Quelles sont donc les incidences de ce texte pour la desserte en téléphonie mobile et pour l'accès au haut et au très haut débit ?

Le plan de desserte des zones blanches en téléphonie mobile a vu le jour alors que l'article L. 1511-6 était en vigueur. Toutefois, c'est bien le nouveau cadre législatif, c'est-à-dire l'article L. 1425-1 et l'article 52, relatif à l'itinérance locale, de la loi pour la confiance dans l'économie numérique, qui a permis la mise en place de ce plan en évitant la réalisation de plusieurs infrastructures actives redondantes sur un même site.

Avec la signature, le 15 juillet 2003, de la « convention nationale de mise en oeuvre du plan d'extension de la couverture du territoire par les réseaux de téléphonie mobile » par l'État, l'Autorité de régulation des communications électroniques et des postes - l'ARCEP -, les trois opérateurs et les représentants des collectivités, en l'occurrence l'Association des maires de France et l'Assemblée des départements de France, le rôle des départements dans la mise en place de ce plan s'est avéré primordial, et ce pour plusieurs raisons.

Tout d'abord, la réalisation d'infrastructures passives et leur mise à la disposition des opérateurs nécessitaient un niveau de compétence technique et de ressources humaines et financières que l'échelon départemental était en mesure de mobiliser. Ensuite, les opérateurs préféraient avoir un interlocuteur unique par département, car cela facilitait les processus de mise en place des sites. Enfin, par sa connaissance des réalités du terrain ainsi que par la garantie de la péréquation qu'il était en mesure d'apporter, le département s'imposait comme l'acteur local incontournable pour donner une réalité à ce projet.

De fait, ce sont les départements les plus concernés par les zones blanches qui se sont lancés les premiers : Ardèche, Drôme, Côte-d'Or, Haute-Marne, Saône-et-Loire, sans toutefois maîtriser dans un premier temps toutes les données relatives au plan de financement.

Comment ne pas rappeler à ce sujet que la mise en oeuvre de la phase 1 de ce plan, qui concernait 1 250 sites, a été complexe et que les départements maîtres d'ouvrage ont dû faire face à de nombreuses incertitudes ?

Tout d'abord, ils ont été confrontés à un sentiment d'insécurité financière et juridique. En effet, le coût de construction d'un site neuf ou d'utilisation d'un site existant est très variable, mais toujours onéreux. Une moyenne de 100 000 euros par infrastructure était prévue.

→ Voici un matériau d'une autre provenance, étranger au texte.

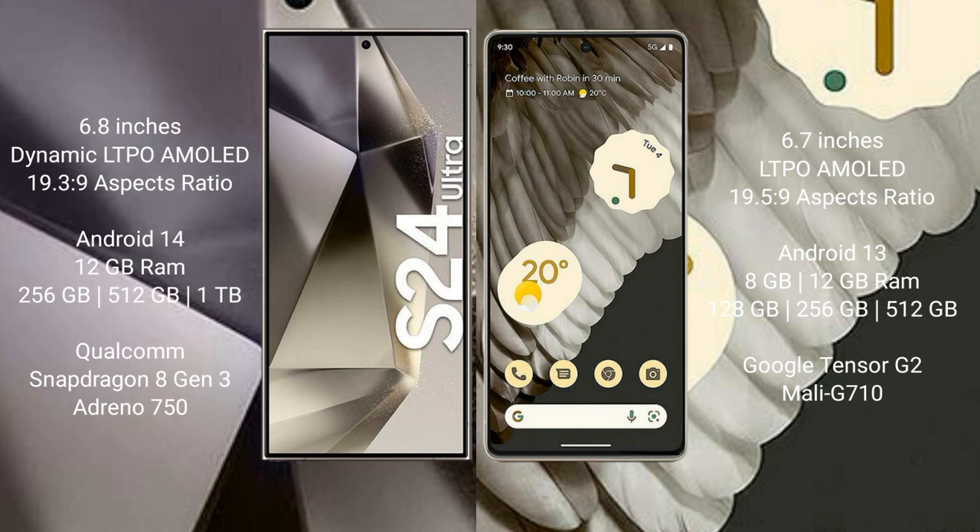The Samsung Galaxy S24 Ultra runs on the Android 14 operating system, while the Google Pixel 7 Pro runs on Android 13. The Samsung Galaxy S24 Ultra comes with 12GB RAM and 256GB, 512GB, or 1TB internal storage, powered by the Qualcomm Snapdragon 8 Gen 3 processor with Adreno 750 GPU.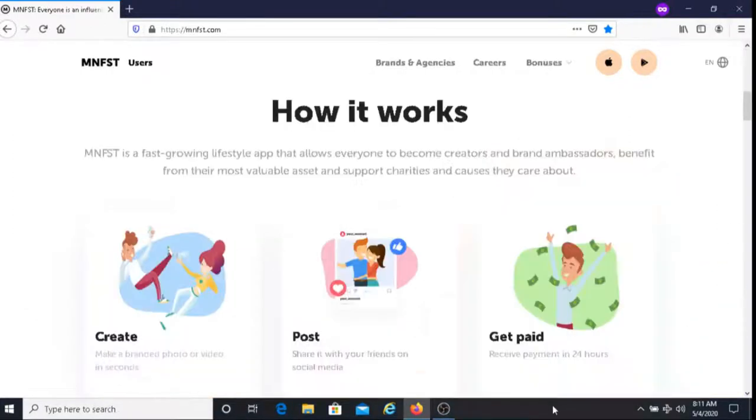The way that it works is that first you would create the photo or video for a company that you want to promote, then you would post it on your Instagram page, and then after that you would get paid. The good thing with MNFST is that you get paid within 24 hours, so there's not a long waiting time. You get your money fairly quickly.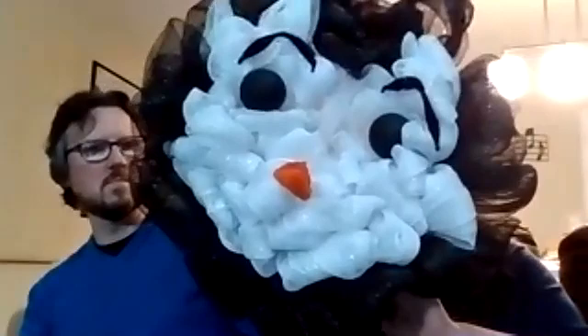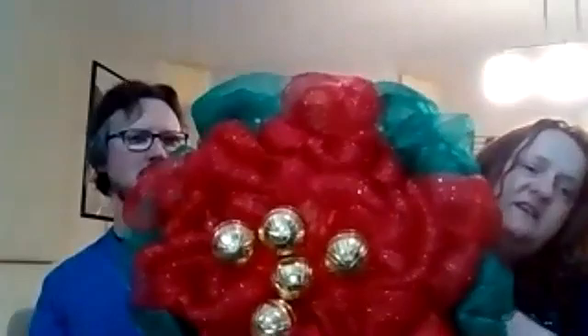This one is a wreath in the fashion of a face of a penguin — you can hang it on your door. And this one is fashioned after a poinsettia, again one that you can hang on your door.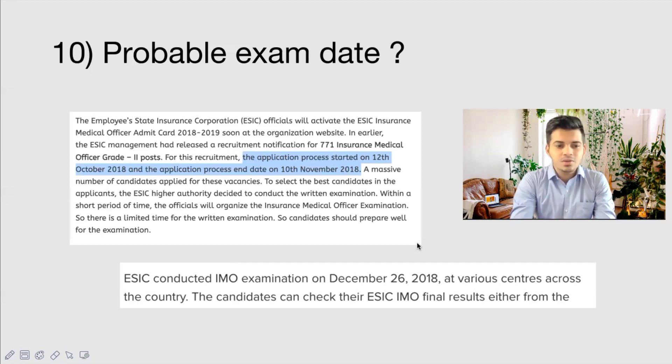Your career progression will not be as high compared to doing MD, MS, or MCh, but this exam is very suitable for candidates who prefer exams like UPSC CMS. Both UPSC CMS and ESIC IMO have similar profiles — career progression is not as high as MD/MS, but the pay and work-life balance are good. So if you do not get placed in UPSC CMS, don't worry — you have another good option in ESIC IMO.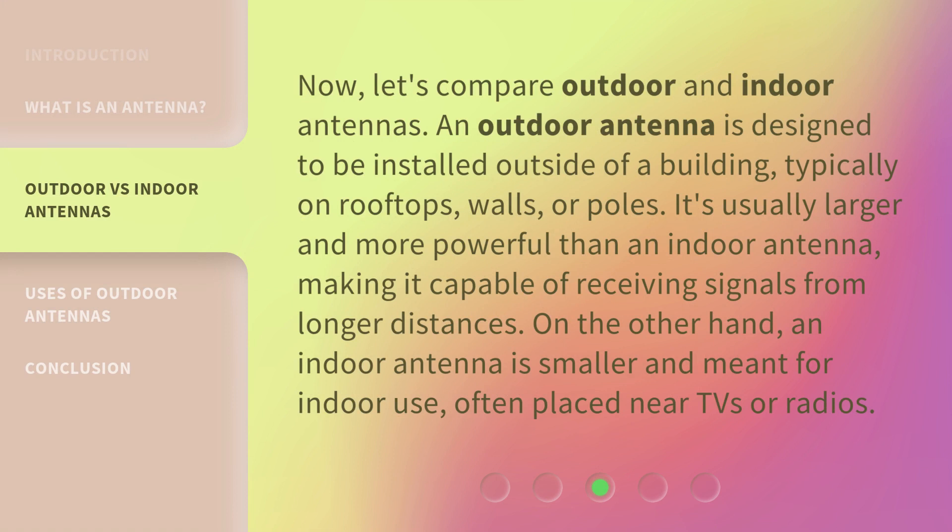Now, let's compare outdoor and indoor antennas. An outdoor antenna is designed to be installed outside of a building, typically on rooftops, walls, or poles. It's usually larger and more powerful than an indoor antenna, making it capable of receiving signals from longer distances. On the other hand, an indoor antenna is smaller and meant for indoor use, often placed near TVs or radios.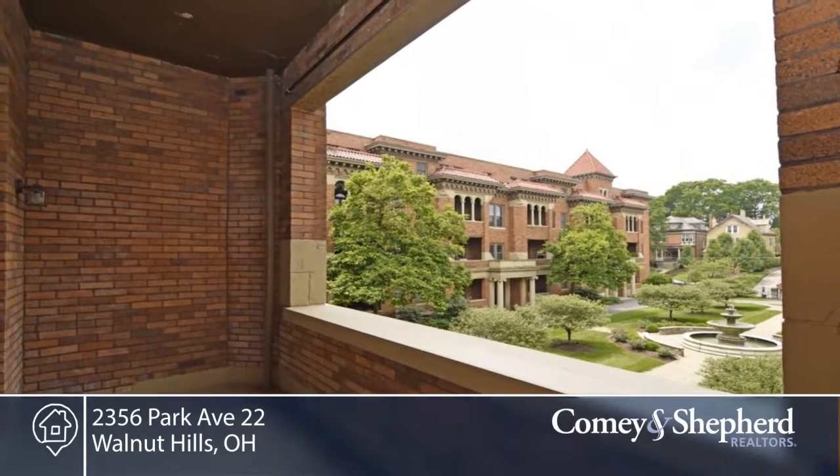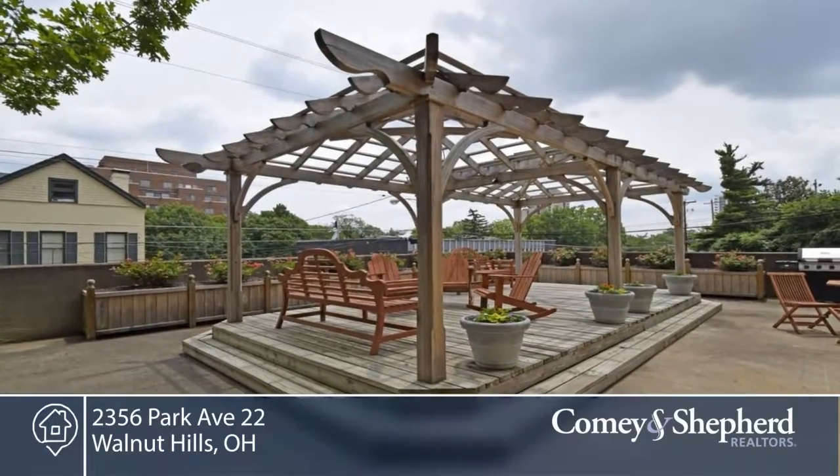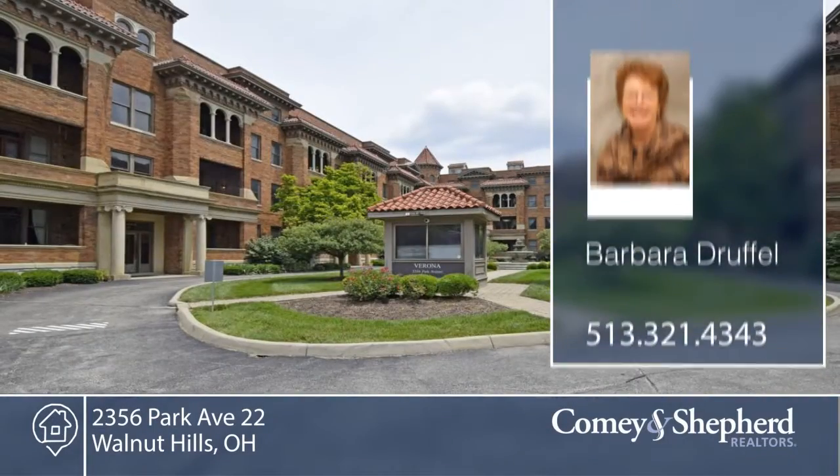This is truly a walkable neighborhood with access to Eden Park. Call Barbara for your personal showing.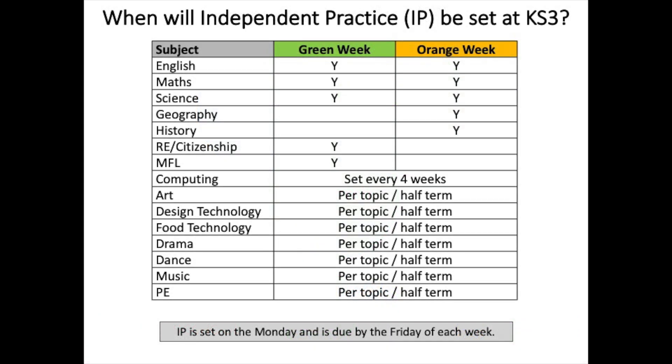At Key Stage 3 we have put together a timetable for when independent practice will be set. English, Maths and Science will have independent practice every week, whereas Geography, History, RE, Citizenship and MFL will be on alternative weeks. Computing will be set every four weeks. Art, design technology, food technology, drama, dance, music and PE will be per topic or per half term.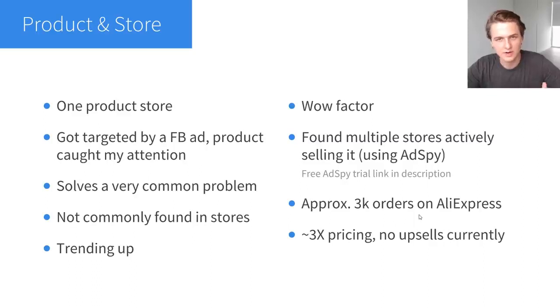A few other things to note: this product had approximately 3,000 orders on AliExpress when I started — I often say look for products with at least 1,000 orders, so this qualified without being so high like 30,000 that you'd think it's saturated. I'm doing 3x pricing — pricing the product at approximately three times what it costs me to get it and ship it to the customer. For now I'm doing no upsells, which means I'm missing out on a lot of profit, and this store would actually be much more profitable if I was upselling something.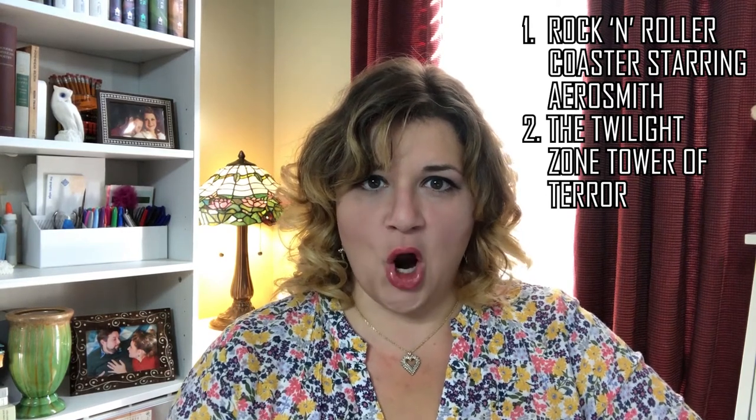Number two: the Twilight Zone Tower of Terror. I love-slash-hate this ride. I want to explain why this one did not get my top booking for this age range — and that is because it's scary. The Twilight Zone theme is creepy, it's an abandoned hotel, and it's a possessed elevator that drops you 130 feet at 39 miles per hour. That might be a little intense for your seven or eight year old.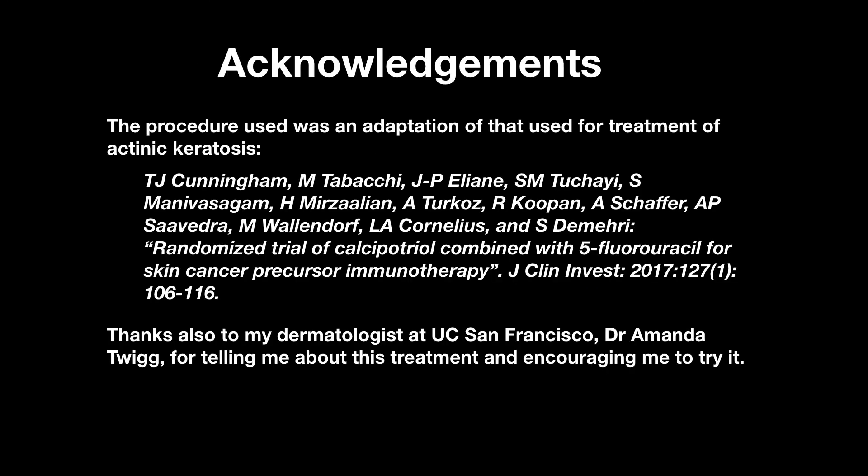The literature reference to the original research for this treatment for actinic keratosis is shown here. I also want to thank my dermatologist at UC San Francisco for telling me about this treatment and encouraging me to try it.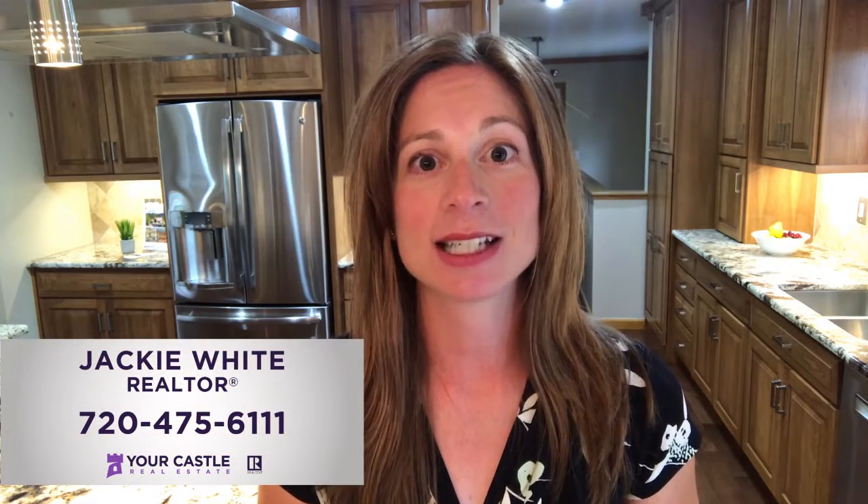If you're interested in taking a closer look at this home, give me a call at 720-475-6111. I'd be happy to schedule a private tour just for you. Have a great day! Bye!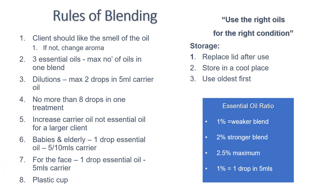There are a few rules of blending when we're mixing our oils and carriers together, and the most vital one of all is that your client should like the aroma. You are attracted to the oils that you like, and if you don't like it, it's because you don't need it. Three essential oils is the maximum amount we can mix in any one blend according to ITEC regulations. The dilutions are always going to be a maximum of two drops in any five mils of carrier oil, and no more than eight drops in any one treatment.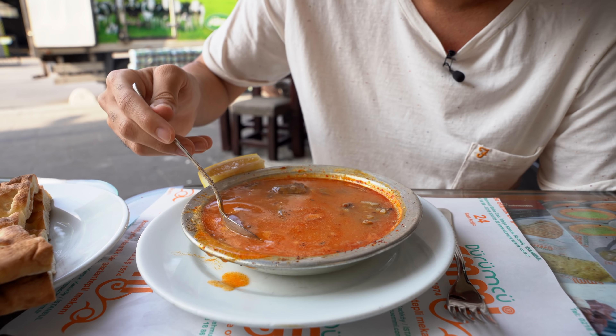Look at that — this is a pide with sujuk. This is a Turkish sausage, dry beef, with butter — look at the oil on top. Oh my god, it's full of cheese, full of paneer. Let's give it a try. Normally you take a piece and dip it. Oh my god, so hot — steaming hot, just right out of the oven!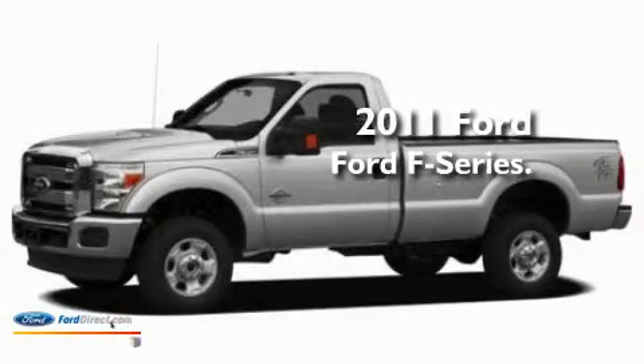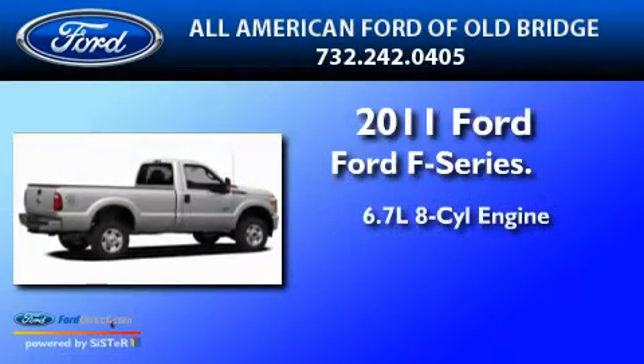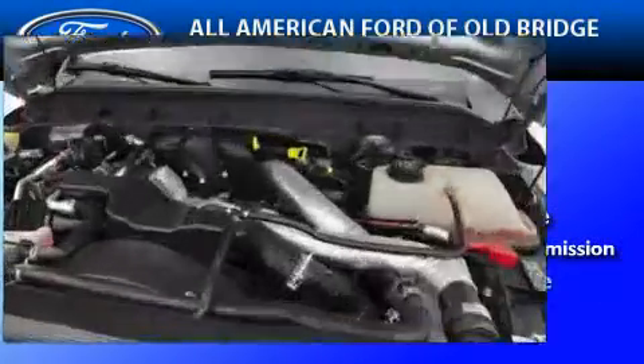This is a brand new 2011 Ford F-350. It has a 6.7 liter 8-cylinder engine, a 6-speed automatic transmission, and 4-wheel drive.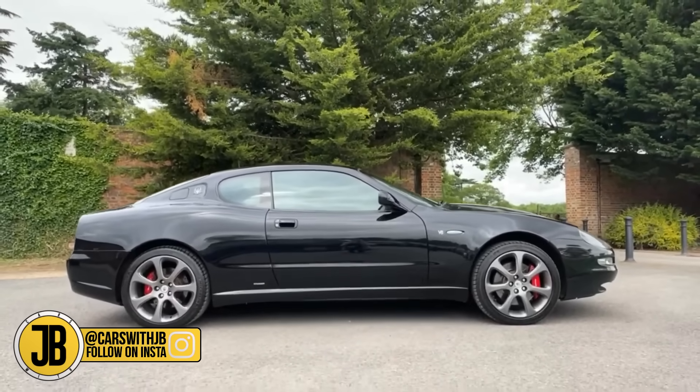If you like cheap cars that look insanely good, then this is the video for you. I'm going to talk through 10 cars that I think look insanely good for under £10,000. And if you want to see the same video again at under £5,000 instead, then just hit the like button.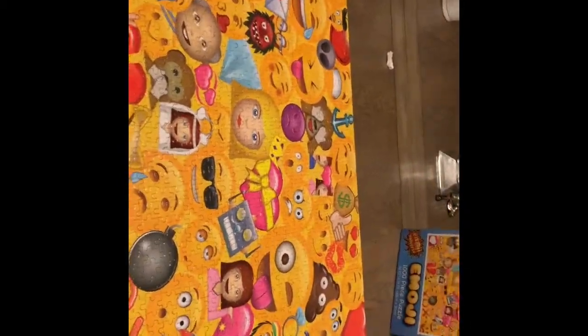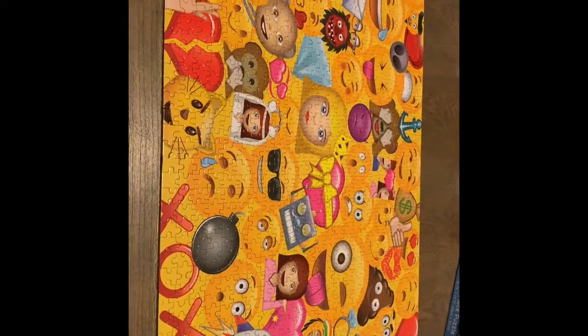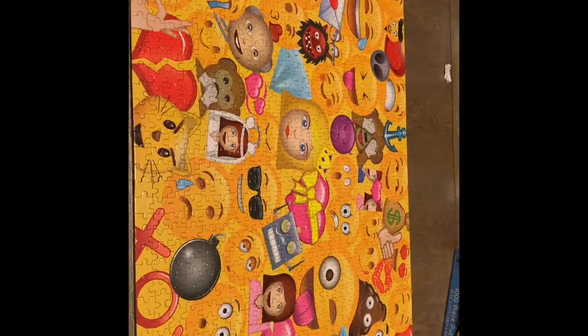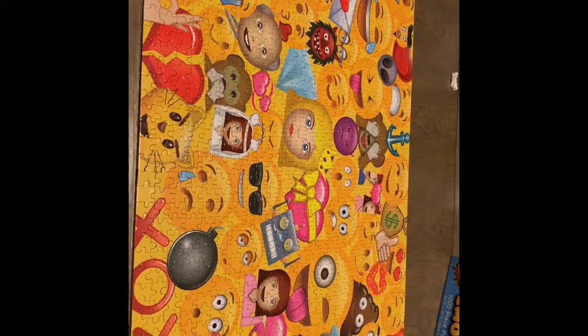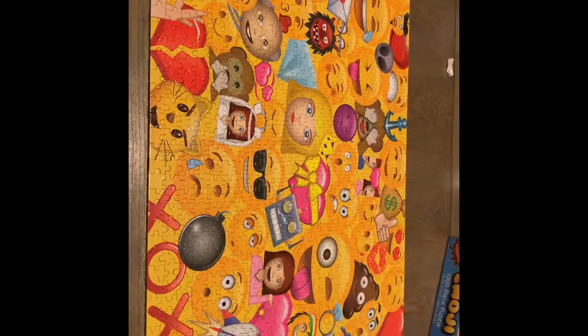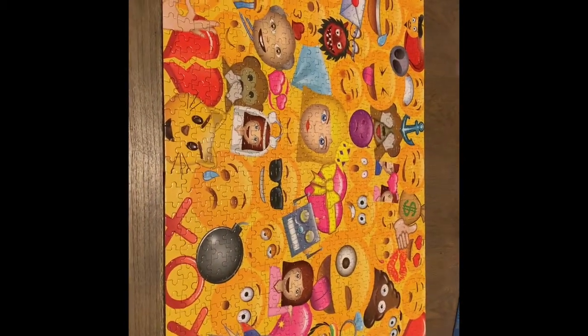I think my favorite thing to do still was the XOXO — I don't know why, it just kind of stays with me. Overall, this was just really fun, and when I do my next puzzle I'll bring you guys along for the ride.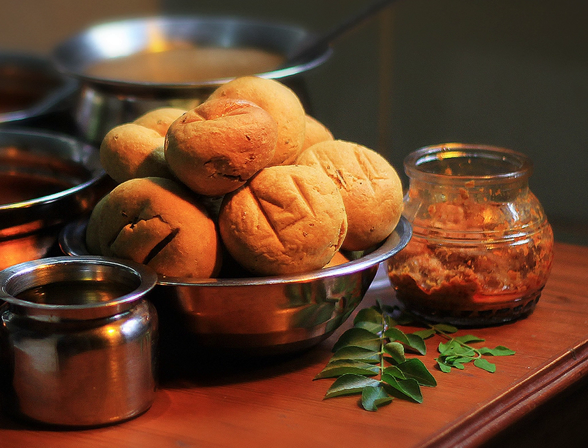Rajasthani thali is incomplete without bhati. Bhati is also served with besan gat, bundi raita, garlic chutney, papad, kadhi, and mango pickle.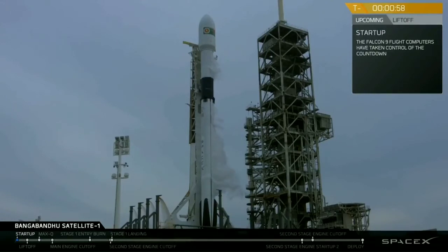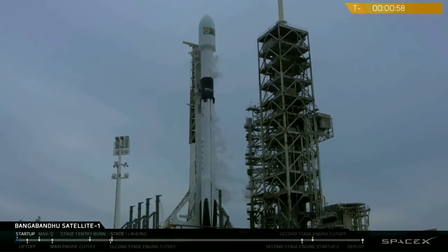We've had a launch abort sequence start. It looks like just after Falcon 9 entered startup mode, it threw an abort. We're currently looking into the details to see if we're able to continue today's mission.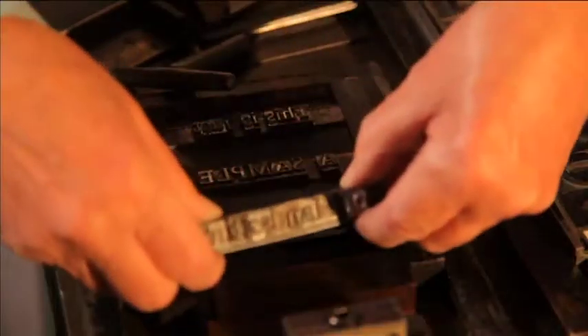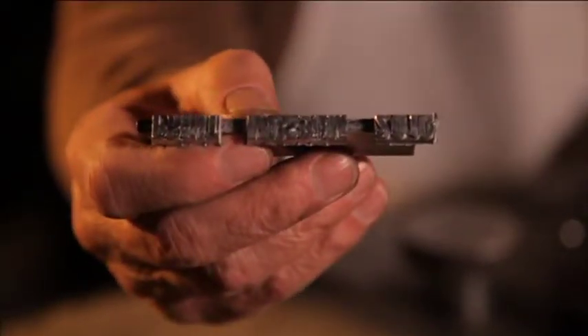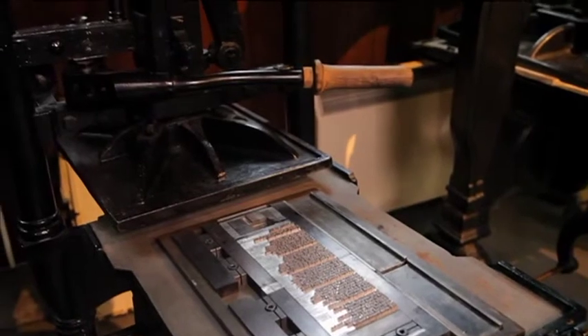The National Print Museum collects, documents, preserves, exhibits, interprets and makes accessible the material evidence of printing craft and fosters associated skills of the craft in Ireland.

À cet investissement contraint, il convient d'ajouter la crainte issue du manque de visibilité concernant les crédits de l'État - j'y reviendrai - et le flou juridique qui entourait l'éligibilité des sites aux différents fonds européens ou régionaux.

Persistaient en outre de nombreuses incertitudes, notamment sur le plan financier, quant à la réalisation de la phase 2 du plan, qui concernait 930 sites, ainsi qu'une complexité dans la mise en oeuvre technique et organisationnelle qui pouvait être dissuasive, en particulier du fait de la nécessité de recruter des techniciens et de passer des marchés publics pour trouver des maîtres d'oeuvre.

Une plus grande implication de l'Assemblée des départements de France aux côtés des départements, depuis le changement de majorité en 2004, a permis de débloquer la situation avec la signature, le 13 juillet 2004, d'un avenant mettant intégralement la phase 2 du plan à la charge financière des opérateurs.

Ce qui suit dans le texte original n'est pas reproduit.